EP by Spank Rock and Benny Blanco
- Released: October 9, 2007
- Recorded: 2007
- Genre: Alternative hip hop, dirty rap
- Length: 17:12
- Label: Downtown Records
- Producer: Benny Blanco

Spank Rock chronology
| YoYoYoYoYo (2006) | Bangers & Cash (2007) | Everything Is Boring and Everyone Is a Fucking Liar (2011) |

Benny Blanco chronology
|  | Bangers & Cash (2007) | Friends Keep Secrets (2018) |

= Bangers & Cash =

Spank Rock and Benny Blanco Are... "Bangers & Cash" is an EP by Philadelphian Virginian alternative rapper Spank Rock and record producer Benny Blanco. The EP follows Spank Rock's 2006 debut album YoYoYoYoYo. The album was released on October 9, 2007.

==Background==
Spank Rock's frontman, Naeem Juwan, met Blanco when he was interning for the late Disco D. Blanco proposed the idea of creating an EP that was based on 2 Live Crew samples. Juwan was initially concerned that "it might be cheesy", but he continued that the EP "actually turned out to be really fun and I'm really proud of it." Like 2 Live Crew and Spank Rock's material, the EP included hypersexual lyrical content. Spank Rock and Benny Blanco co-wrote every song on Bangers & Cash together.
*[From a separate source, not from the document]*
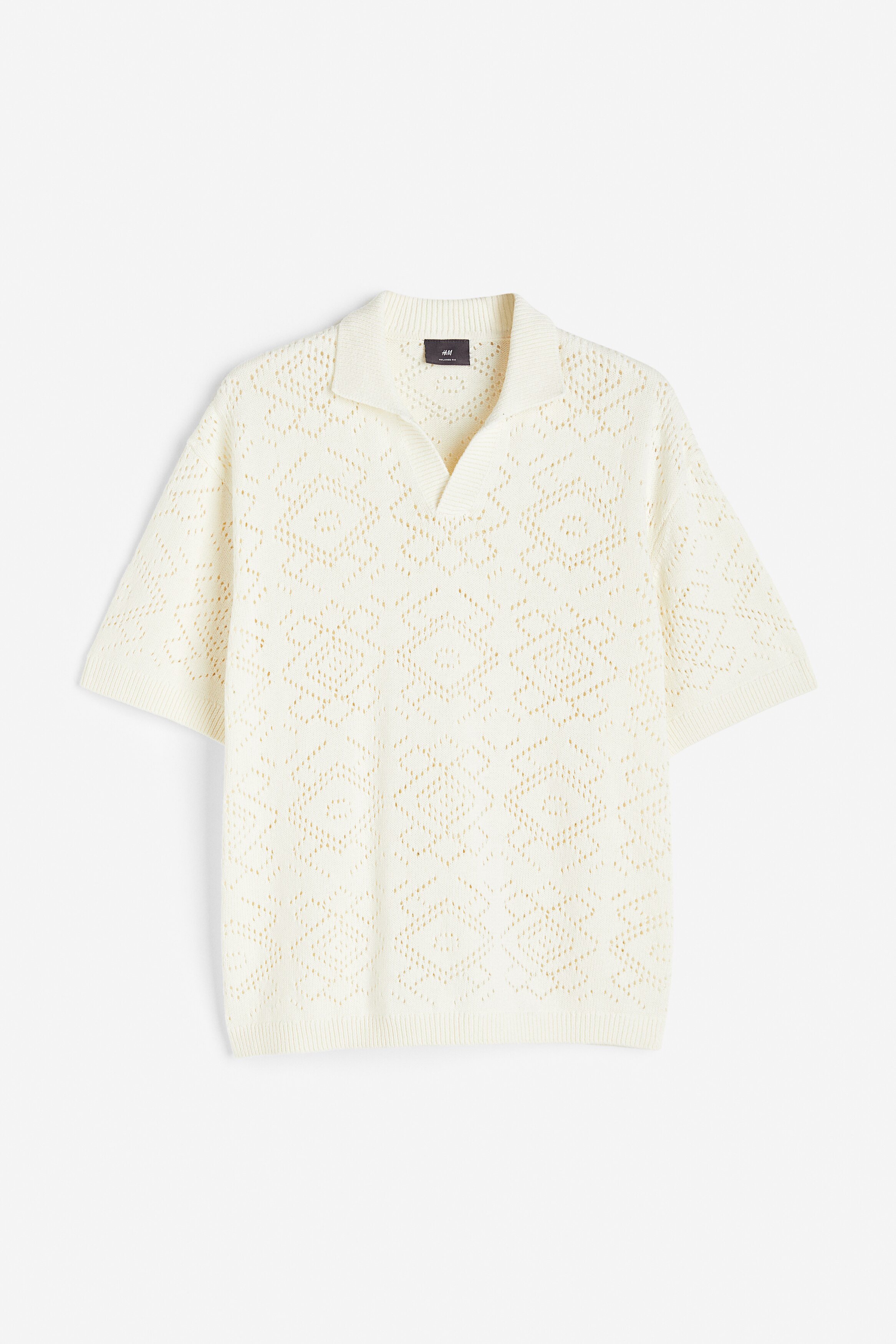 Relaxed Fit Crochet-look polo shirt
It was described by Juwan as "just like club banger music, party music."

The EP's cover art is also a homage to 2 Live Crew, mimicking their As Nasty As They Wanna Be cover.

==Release and reception==
The Bangers & Cash was ultimately released on October 9, 2007. Spank Rock and Benny Blanco also released videos for "Pu$$y", "B-O-O-T-A-Y", and "Loose".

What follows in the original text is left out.